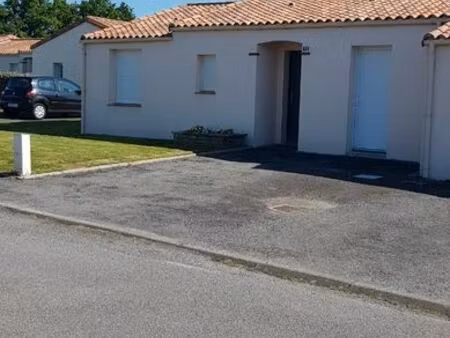 maison t3 à louer à st colomban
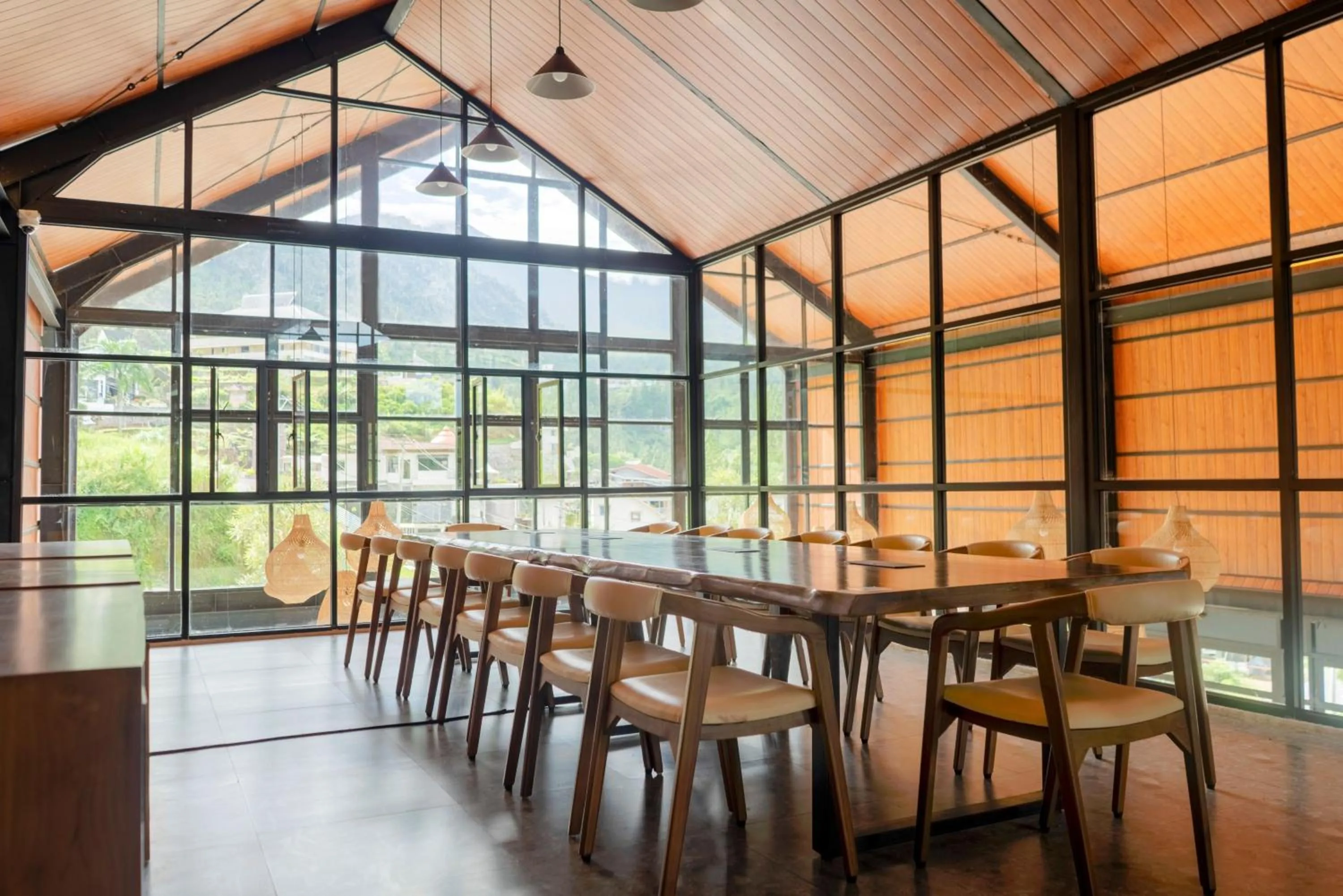 Restaurant/places to eat in Gulala Azana Hotel & Resort Guci Tegal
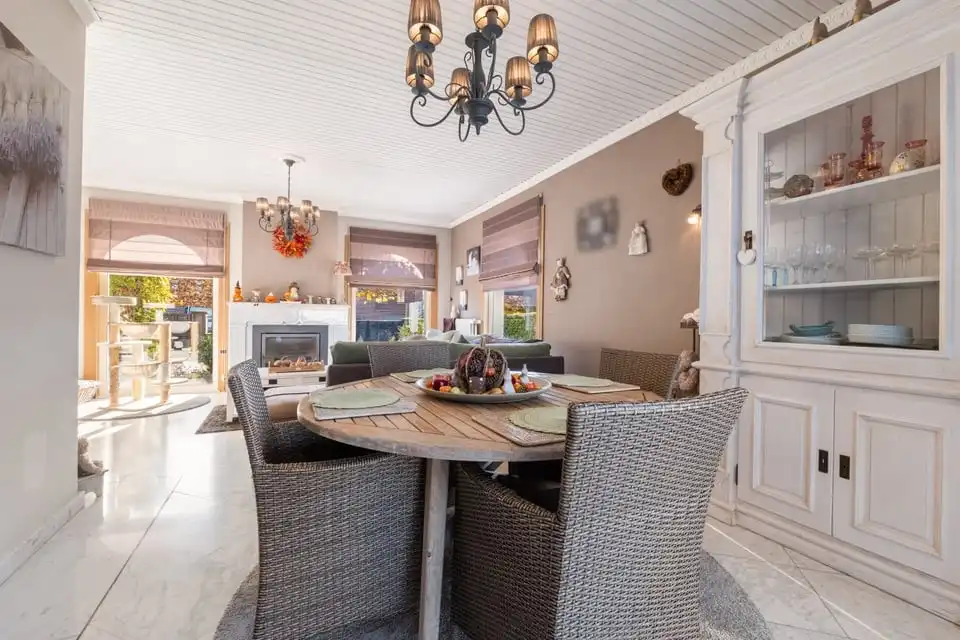 RUIME EN RUSTIG GELEGEN BUNGALOW MET 4 SLKS EN ZWEMBAD OP EEN PRACHTIG PERCEEL VAN 764M² foto 9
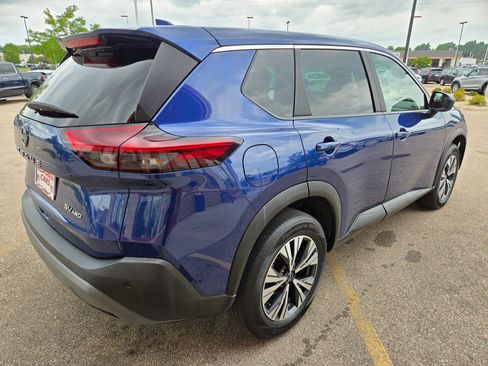Used 2023 Nissan Rogue SV AWD/4WD image 4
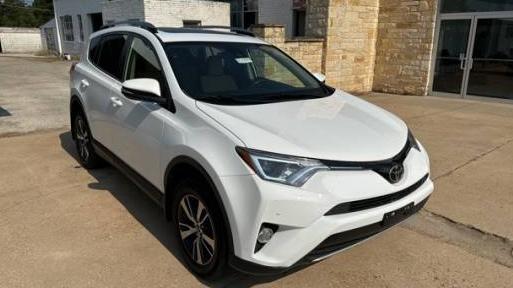 TOYOTA RAV4 2017 JTMWFREV6HD108127 image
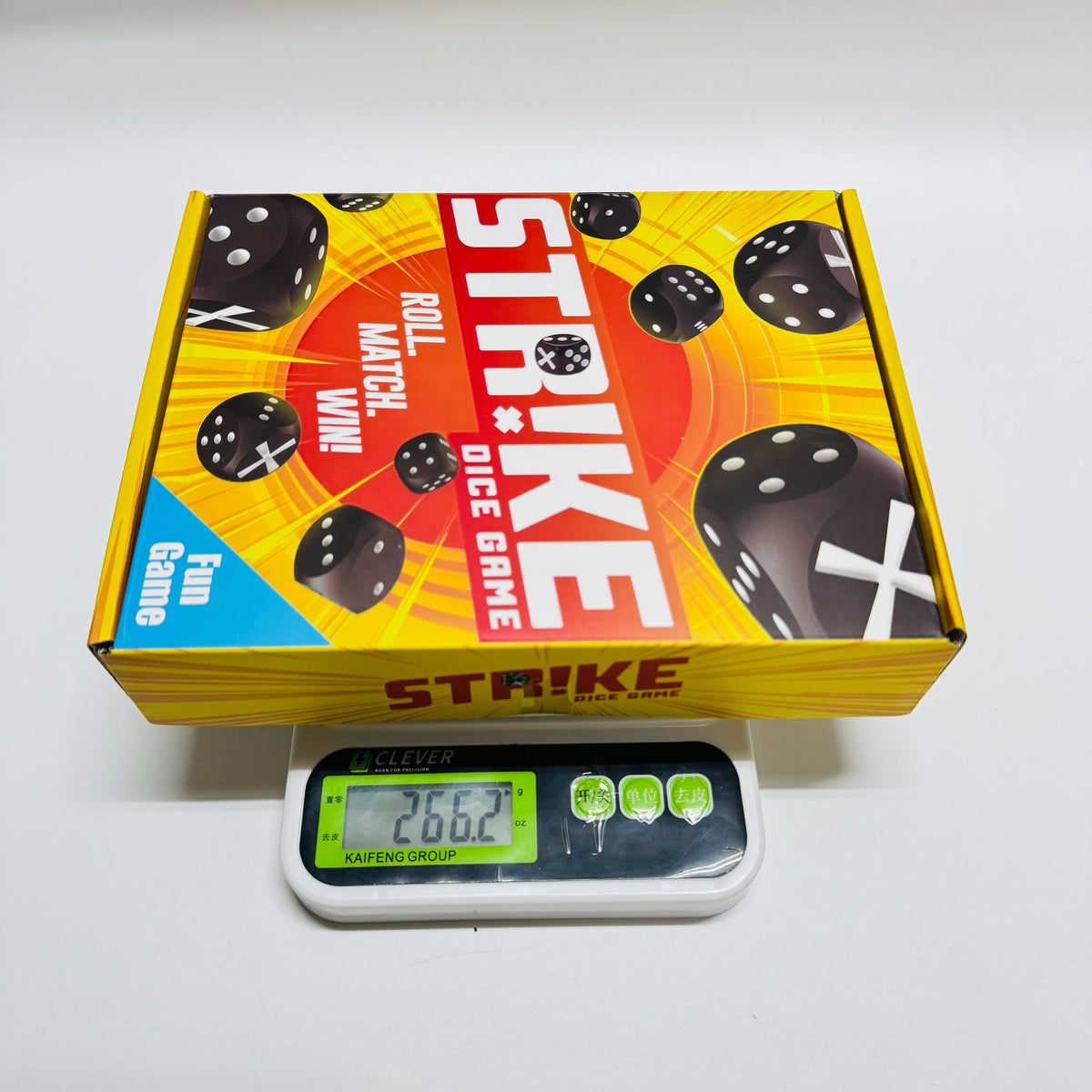 Cross-border STRIKE Ravensburg Strike—a brain game for children and adults, fun matching games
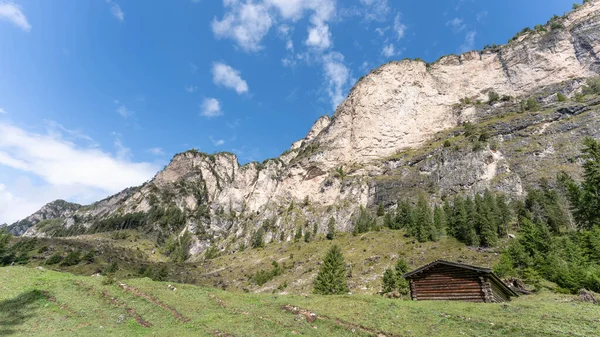 Hirzelsteig 'deki Büyük Rosengarten' de Foggy Hiking. Yüksek kalite fotoğraf
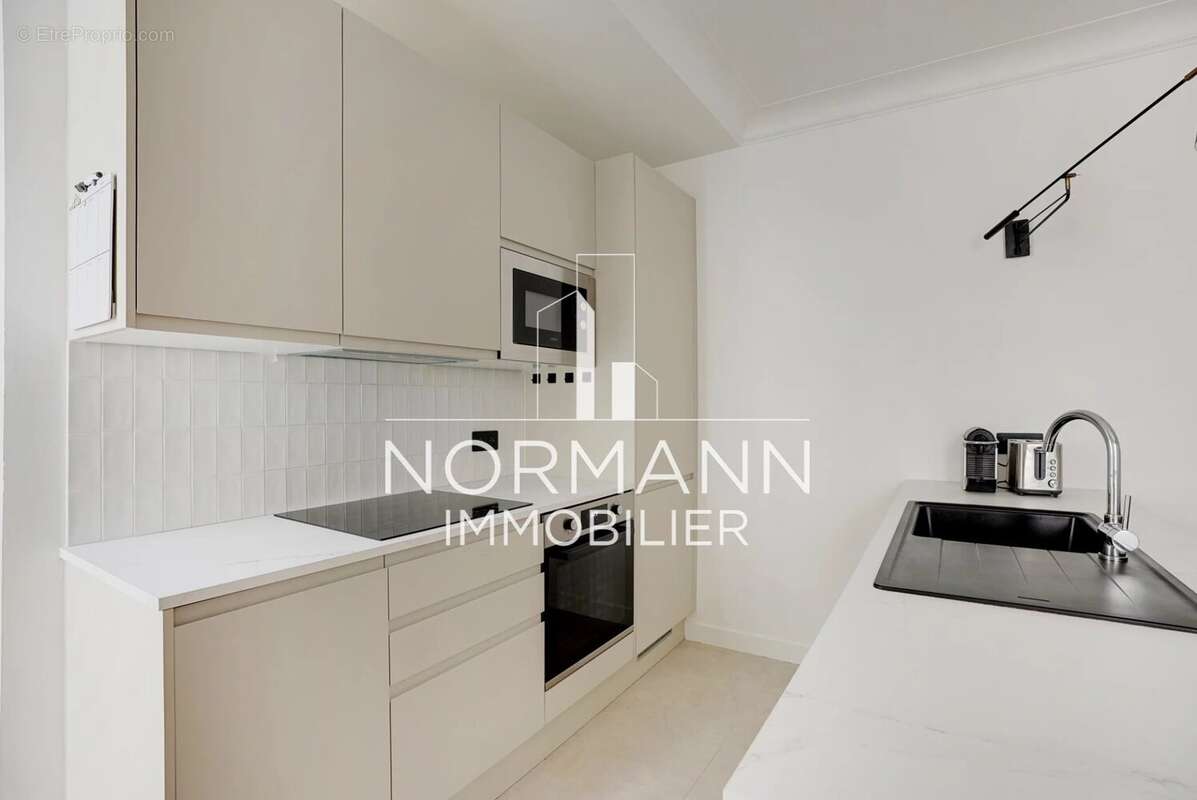 Appartement à PARIS-16E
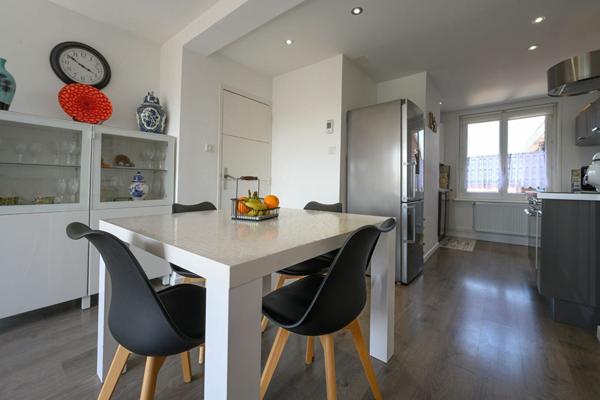 Appartement à vendre    3 pièces •  Comines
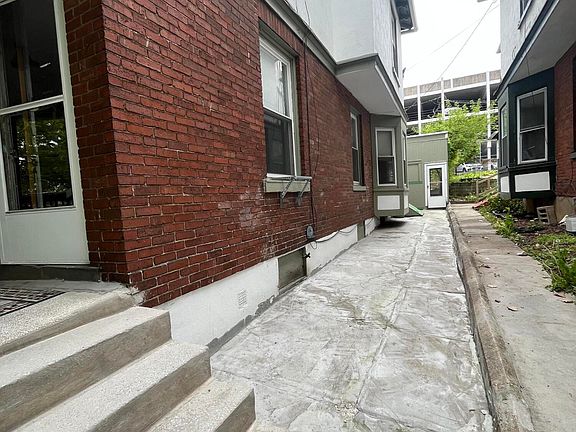 3rd image of 232 N 4th St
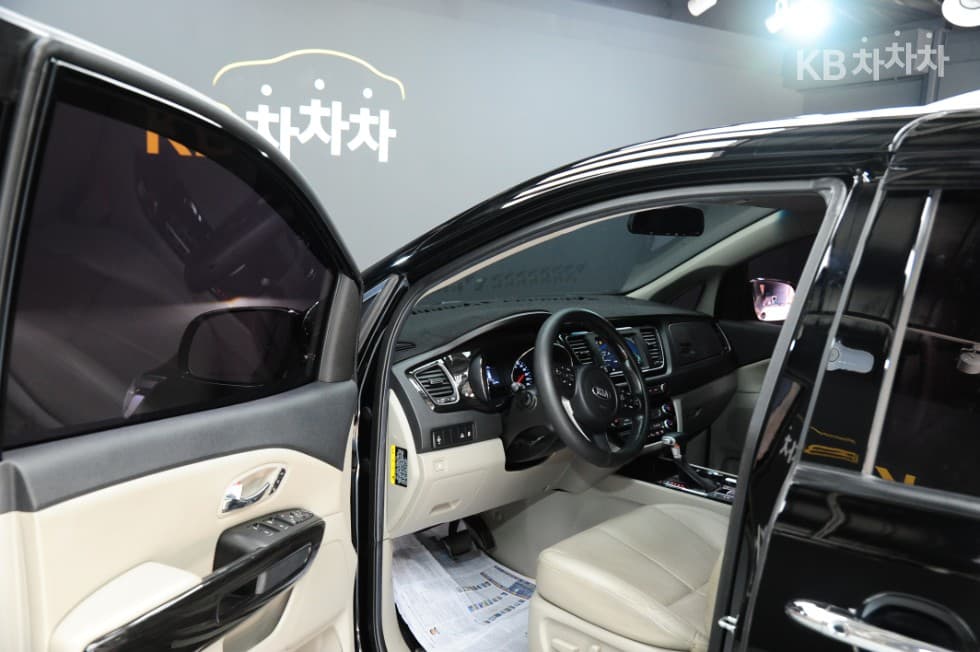 Киа The New (фейслифт) Канивал7-местен (Лимузин) 2.2 Дизел Лимузин President - 10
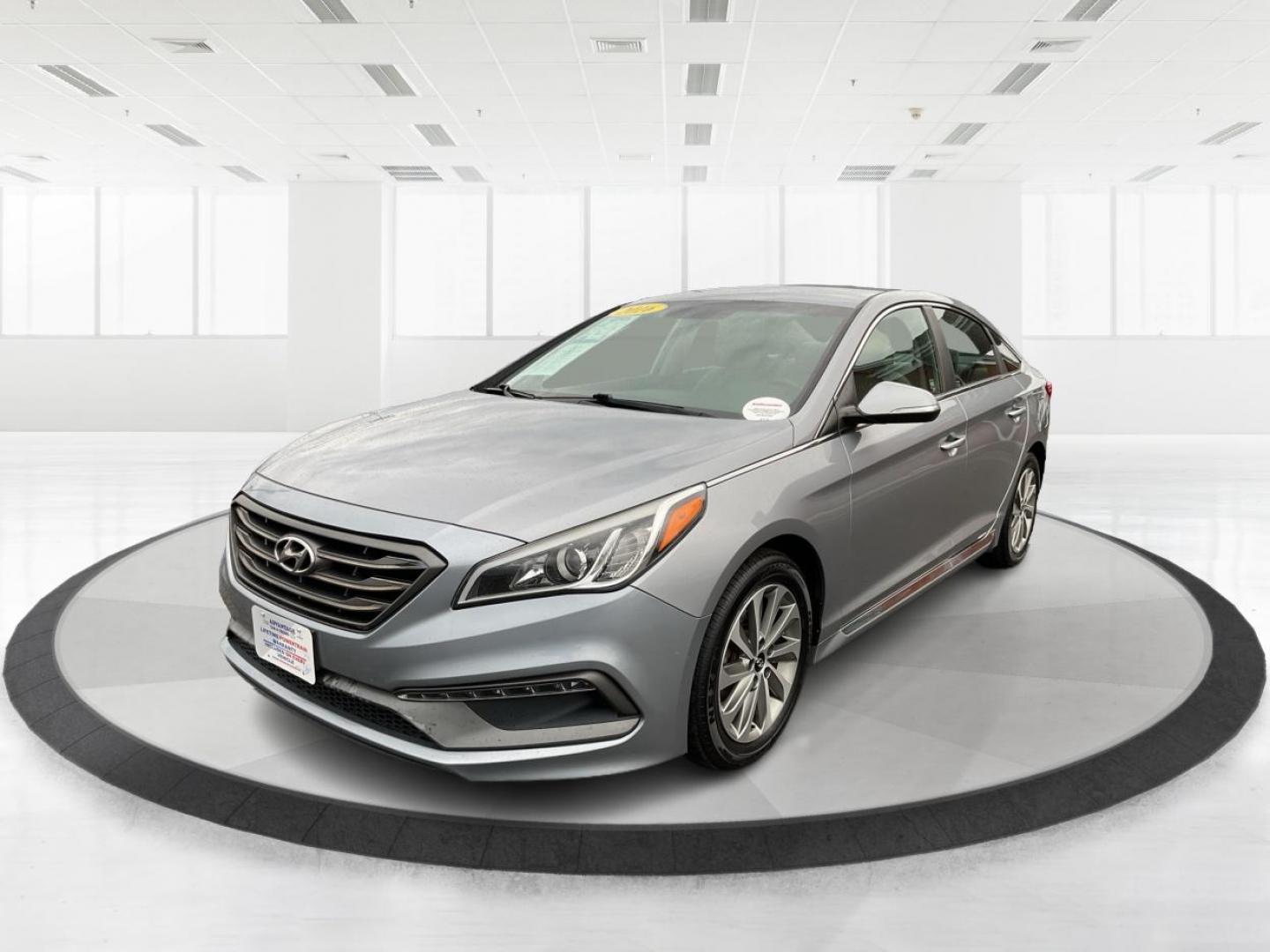 2016 Hyundai Sonata Sport (5NPE34AF1GH) with an 2.4L I-4 gasoline direct injection engine, located at 4508 South Dixie Dr, Moraine, OH, 45439, (937) 908-9800, 39.689976, -84.218452 - Photo#7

----

→ **WORK REQUIRED**
Leave out every picture and copy, exactly as written, the lines from the one with "Used 2023 Nissan Rogue SV AWD/4WD image 4" through the end of the records above.

→ **RESULT**
Used 2023 Nissan Rogue SV AWD/4WD image 4
 TOYOTA RAV4 2017 JTMWFREV6HD108127 image
 Cross-border STRIKE Ravensburg Strike—a brain game for children and adults, fun matching games
 Hirzelsteig 'deki Büyük Rosengarten' de Foggy Hiking. Yüksek kalite fotoğraf
 Appartement à PARIS-16E
 Appartement à vendre    3 pièces •  Comines
 3rd image of 232 N 4th St
 Киа The New (фейслифт) Канивал7-местен (Лимузин) 2.2 Дизел Лимузин President - 10
 2016 Hyundai Sonata Sport (5NPE34AF1GH) with an 2.4L I-4 gasoline direct injection engine, located at 4508 South Dixie Dr, Moraine, OH, 45439, (937) 908-9800, 39.689976, -84.218452 - Photo#7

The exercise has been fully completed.